TASK DESCRIPTION:
Starting at the first line of the listing below, repeat each line exactly until the line containing "2015 BMW 7 серии", which you include. Leave out pictures.

SUPPLIED INFORMATION:

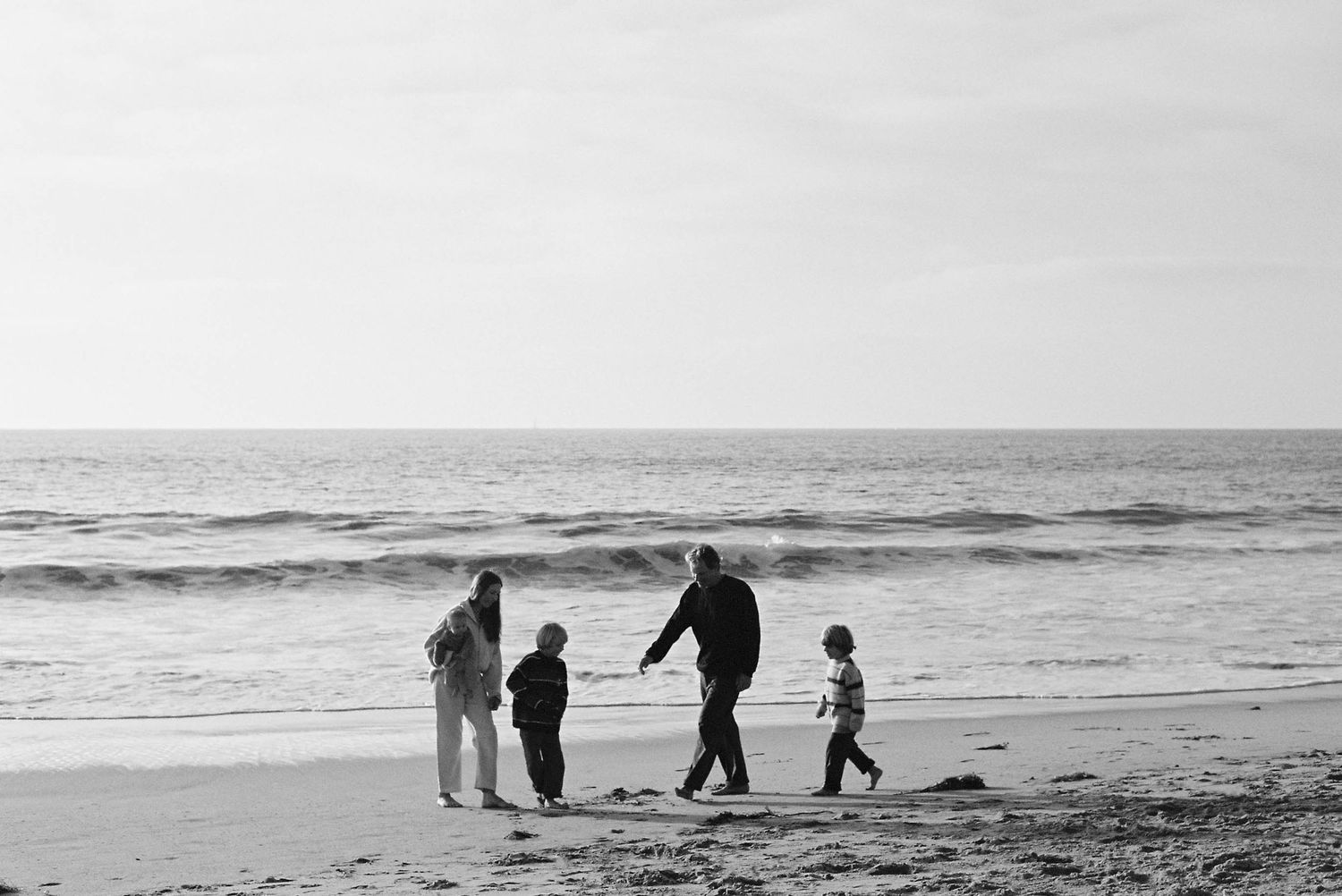 A group of people walk along a misty beach shoreline in black and white as waves roll in from the ocean.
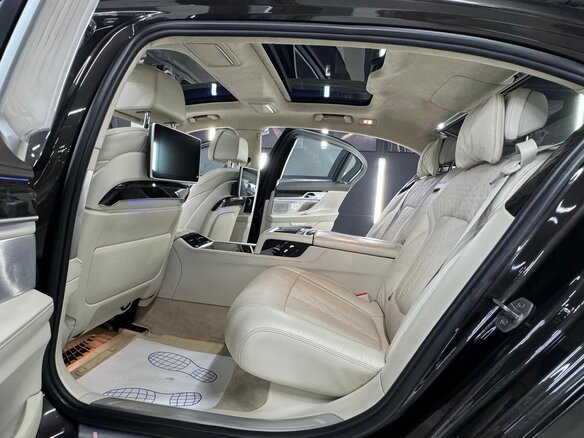 2015 BMW 7 серии Long 750Li xDrive VI (G11/G12), коричневый, 3800000 рублей - вид 34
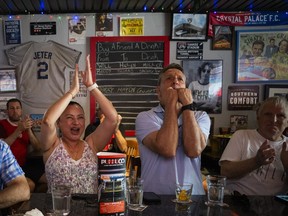Canadian supporters, including Deborah and Paul Theriault, gathered at Pubblico Eatery to cheer on Canada's men's national soccer team during its FIFA World Cup match against South Africa, Sunday, June 28, 2026.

SOLUTION TO THIS PROBLEM:
 A group of people walk along a misty beach shoreline in black and white as waves roll in from the ocean.
 2015 BMW 7 серии Long 750Li xDrive VI (G11/G12), коричневый, 3800000 рублей - вид 34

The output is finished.